I think the solutions are good, but the problem with the 2 sampling times caused troubles for some days, now I found that I need to refine my process by setting different parameters and test till it works...

I've some videos, I gonna post it later today if it could show what happend.

Thanks a lot!
 
There are a couple of other things that you may want to look into as well.

1) If the inverter is using vector control it is actually using a PID controller and you can get over and undershoot when you use it for motion control. I don't know what brand you use but most of them have PC software that you can use to monitor and record to see how it acts to speed changes.

2) I understand that open loop control isn't always working. But there is another way to do it that might work better.

In closed loop you have the problem of filtering the in signals. In open loop you have the problem of not having any feedback. You could combine these methods so that you are running open loop for situations where you know things are unstable (start and stops for instance) and running closed loop with high filter settings when things are stable (for instance when pouring out concrete).

Often you can make a much better control when you know the actual process and compared to an "process-unaware" off-the-shelf PID solution.

For instance you can make a model of how much concrete you are pouring out depending on the speed of the screw. Then you use the weight with high filter settings under stable conditions to fine tune your model.

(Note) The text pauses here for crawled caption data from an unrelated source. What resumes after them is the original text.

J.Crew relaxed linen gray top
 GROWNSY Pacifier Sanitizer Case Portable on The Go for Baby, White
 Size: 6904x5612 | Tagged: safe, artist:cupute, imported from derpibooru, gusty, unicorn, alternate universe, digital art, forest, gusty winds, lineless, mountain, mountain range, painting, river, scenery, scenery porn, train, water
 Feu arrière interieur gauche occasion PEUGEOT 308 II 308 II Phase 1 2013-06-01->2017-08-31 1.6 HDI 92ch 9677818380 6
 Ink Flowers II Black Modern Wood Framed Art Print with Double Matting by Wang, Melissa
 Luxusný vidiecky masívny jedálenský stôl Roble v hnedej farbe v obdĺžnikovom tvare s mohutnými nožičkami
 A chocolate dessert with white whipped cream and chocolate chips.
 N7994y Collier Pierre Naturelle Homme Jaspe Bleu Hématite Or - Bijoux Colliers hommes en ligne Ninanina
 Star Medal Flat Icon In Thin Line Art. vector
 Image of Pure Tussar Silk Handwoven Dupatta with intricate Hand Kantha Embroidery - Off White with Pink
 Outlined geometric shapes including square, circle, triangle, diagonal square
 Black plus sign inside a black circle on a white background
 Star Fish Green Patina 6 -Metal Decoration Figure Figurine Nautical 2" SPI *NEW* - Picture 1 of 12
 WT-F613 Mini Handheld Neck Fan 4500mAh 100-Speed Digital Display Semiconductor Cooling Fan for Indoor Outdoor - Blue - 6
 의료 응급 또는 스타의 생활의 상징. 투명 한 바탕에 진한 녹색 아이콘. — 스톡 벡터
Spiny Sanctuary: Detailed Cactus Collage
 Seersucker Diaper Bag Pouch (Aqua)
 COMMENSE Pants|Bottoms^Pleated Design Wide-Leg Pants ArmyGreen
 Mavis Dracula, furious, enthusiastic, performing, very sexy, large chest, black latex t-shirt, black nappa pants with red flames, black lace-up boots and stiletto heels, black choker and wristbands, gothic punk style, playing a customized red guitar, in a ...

This is similar to a feed-forward control system. https://en.wikipedia.org/wiki/Feed_forward_(control)
 
Last edited:
Hello,

Thanks a lot for your reply.
Actually I checked my code and saw that during the first test-campain I used all these strategies with different mix (I tested many strategies and select/delect some of them).
As I said on my first post I had a "lag" problem because the sample time for the speed was not the same than for the flow.
I used a 1 s force mode (open loop so) to start a slab without mount and with good parameters tuning it was fine. The problem came when I switched from open-loop to controled mode in a transit mode for 1-3 s, mainly because the flow measurement was so slow.

It was better when I set the both sample time with 200ms, but we didn't have so much time to tune the system...

I'm going on site next week for a new week, I think the question will must be about tuning than control strategy.
By the way, you gave me a complete feedback which gives me a head to follow and with that I can focus on what is important and won't be puzzled. So, thanks a lot.

When everything will running I'll do a video to show the result.